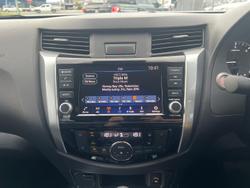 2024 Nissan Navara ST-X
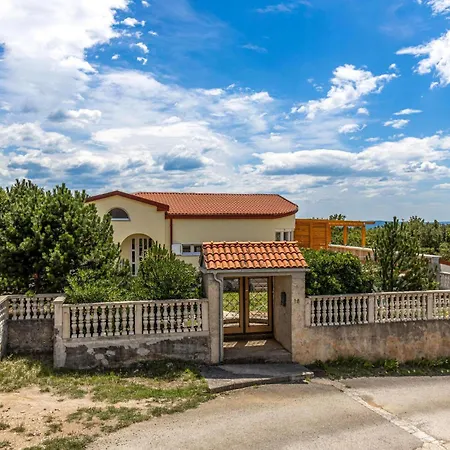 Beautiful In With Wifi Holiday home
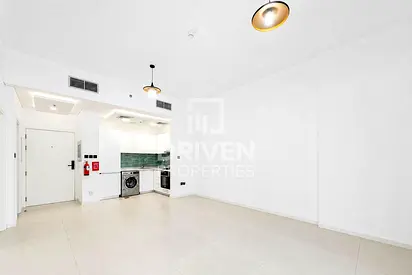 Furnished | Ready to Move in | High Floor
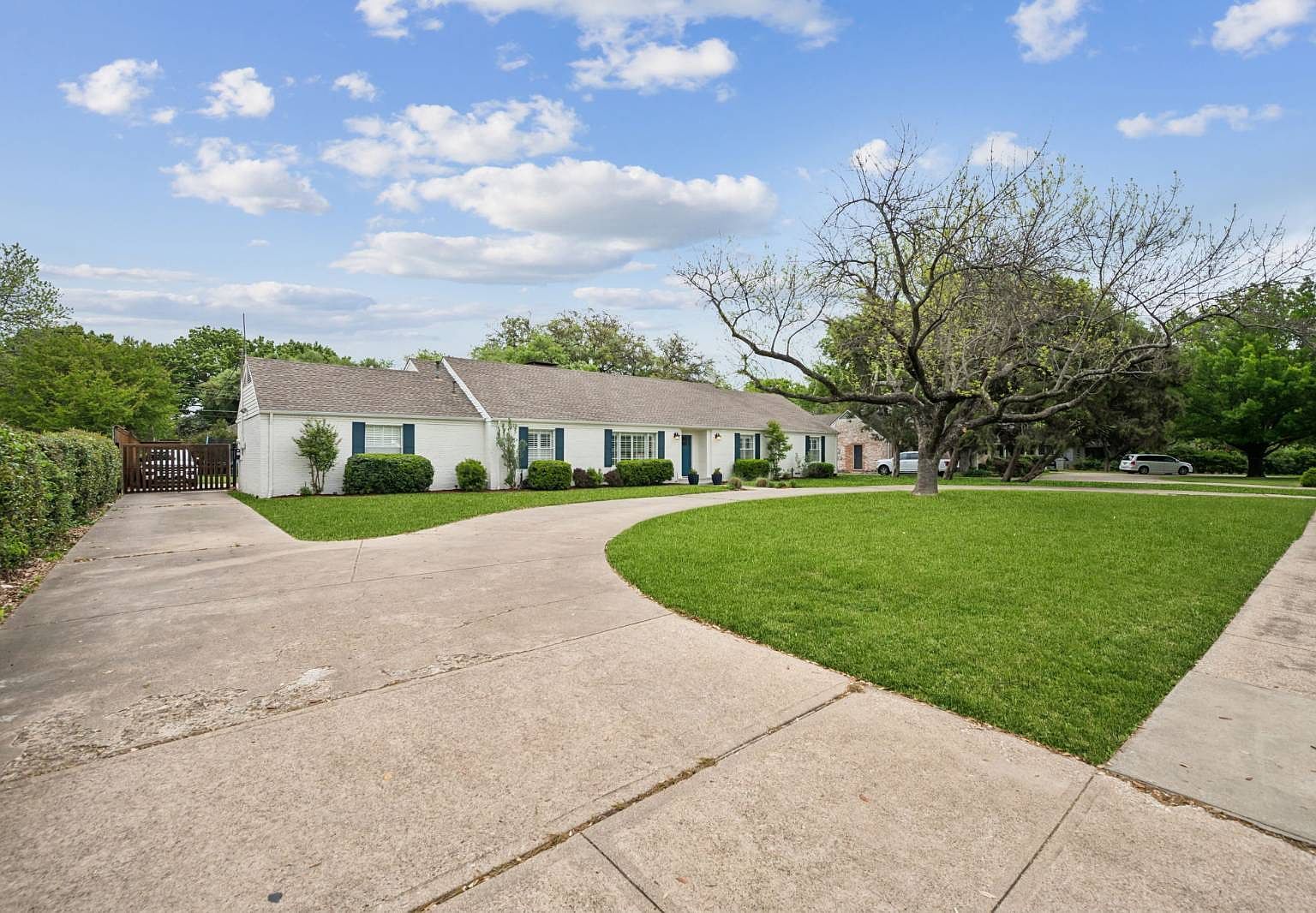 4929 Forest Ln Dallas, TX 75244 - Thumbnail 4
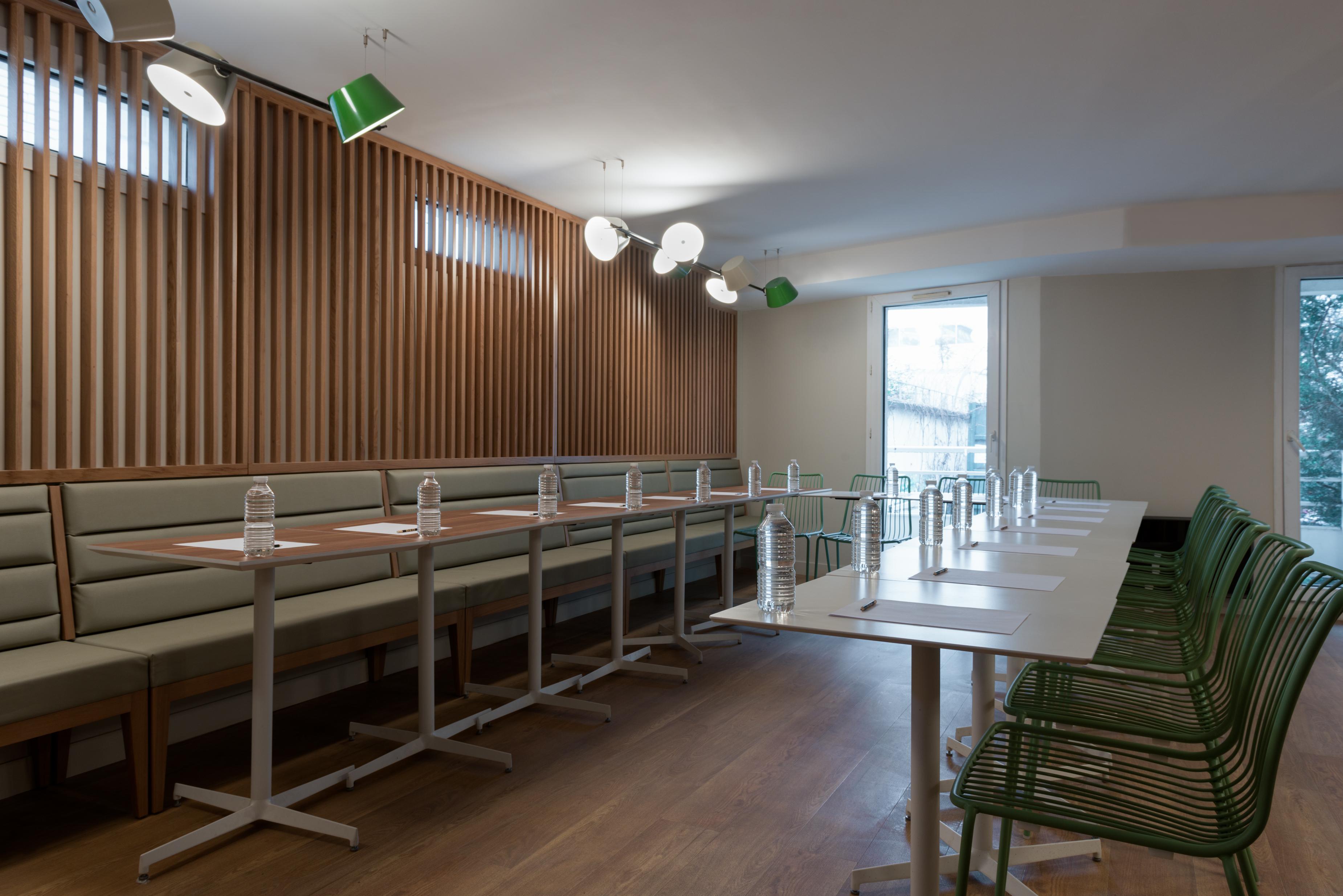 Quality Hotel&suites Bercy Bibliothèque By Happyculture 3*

--

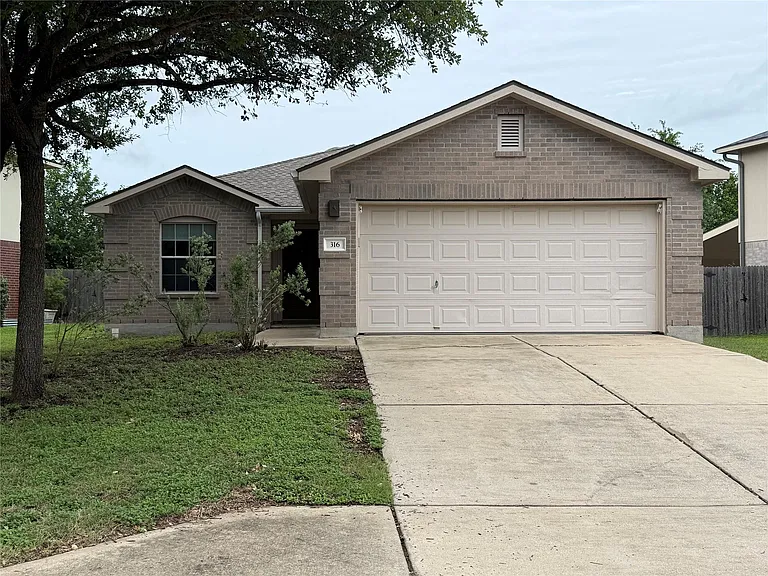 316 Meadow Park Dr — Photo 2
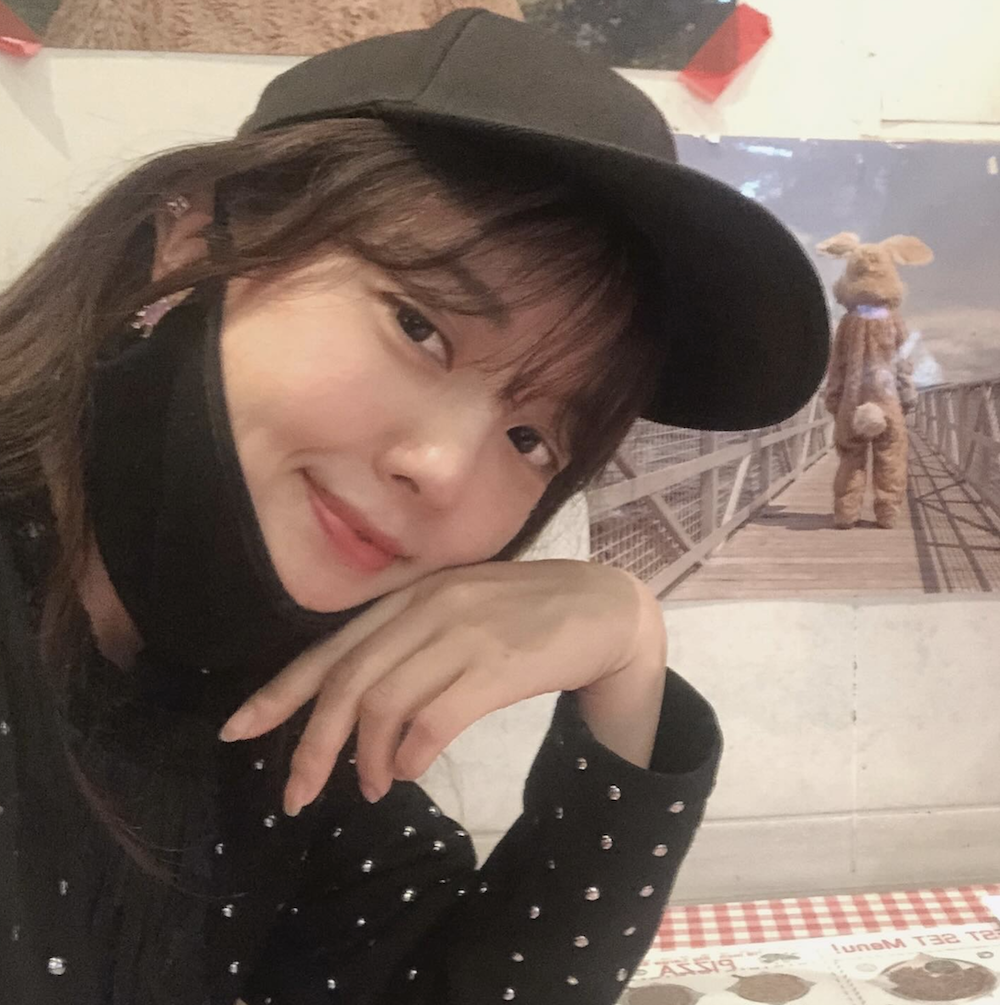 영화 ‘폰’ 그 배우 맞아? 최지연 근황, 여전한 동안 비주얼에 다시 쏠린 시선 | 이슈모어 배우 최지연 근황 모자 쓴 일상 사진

## DIRECTIONS
From the records above, transcribe exactly the lines starting at the one containing "Beautiful In With Wifi Holiday home" and ending at the one containing "Quality Hotel&suites Bercy". Skip the pictures.

## RESULT
 Beautiful In With Wifi Holiday home
 Furnished | Ready to Move in | High Floor
 4929 Forest Ln Dallas, TX 75244 - Thumbnail 4
 Quality Hotel&suites Bercy Bibliothèque By Happyculture 3*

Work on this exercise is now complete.